As in the case of the open-circuit generator, a disadvantage of the terminated E-field generator is that the generated electric field cannot be increased without increasing the size of the generator and/or the input power to the generator. An inherent property of wave propagation states that the intensity of the electric field decreases as the distance from the conductive elements increases. It can be shown, however, that by using the largest possible conductive elements along with the largest possible spacing between conductive elements, the electric field can be maximized at a given distance spaced from the conductive elements. In other words, the overall dimensions of the transmission line generator must be increased to obtain greater field intensities at distances spaced from the generator. However, the required size of the generator may surpass practical limitations (such as the size of a chamber enclosing the measurement) in the pursuit of adequate field intensities for testing larger electronic devices.
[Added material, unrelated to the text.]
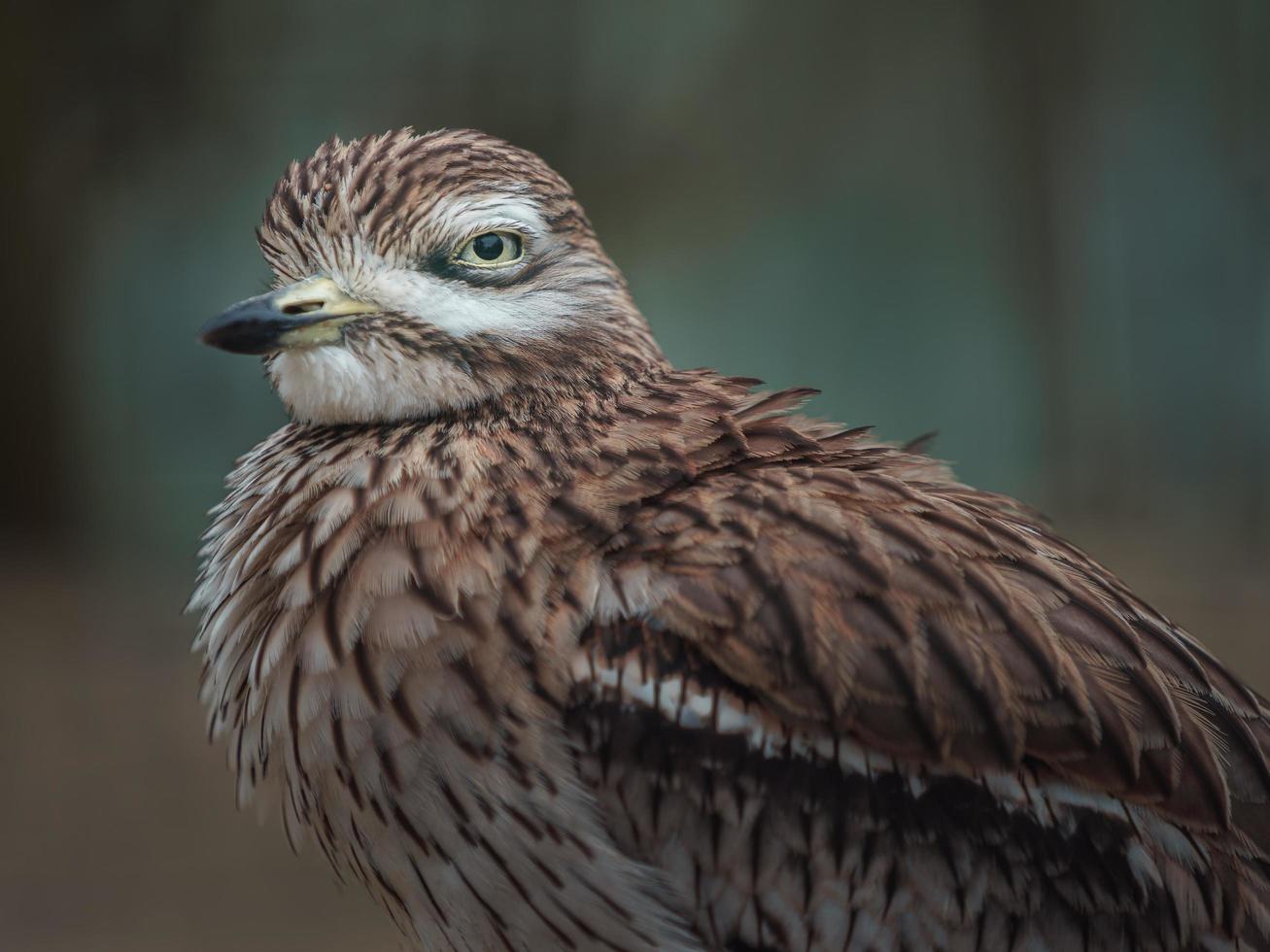 Eurasian Stone curlew photo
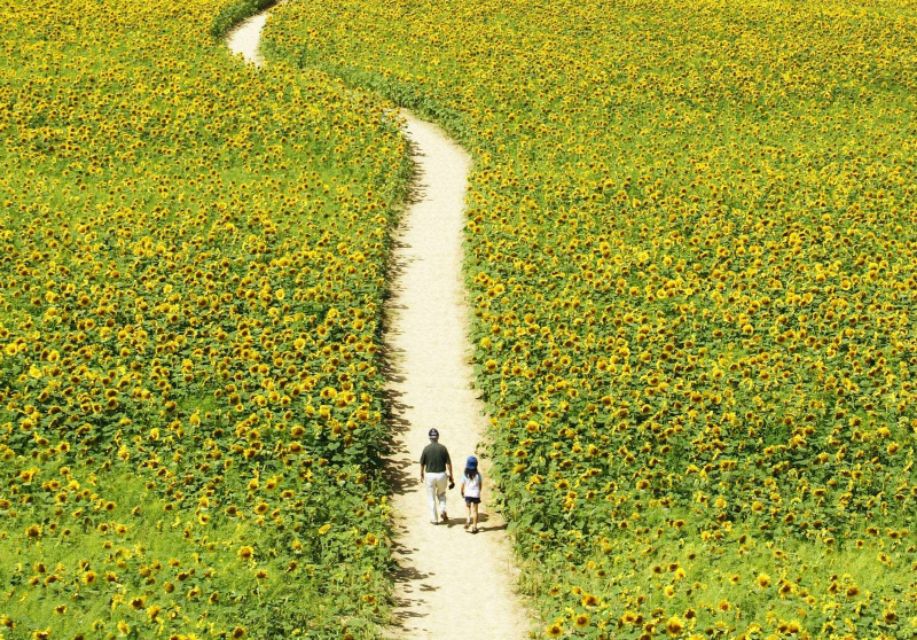 自然之美陶冶人的心灵,用心去感受自然之美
Therefore, it may be desired to provide an E-field generator which is capable of producing an increased electric field at a distance spaced from the generator without increasing the dimensions of the generator or the input power supplied to the generator. In addition, the desired generator will generate an intense, localized electric field substantially independent of frequency, and thus, may operate over a continuous broadband frequency range. Thus, for a given input power and test volume, the desired E-field generator will be capable of producing a significantly greater electric field than conventional generators of comparable dimensions.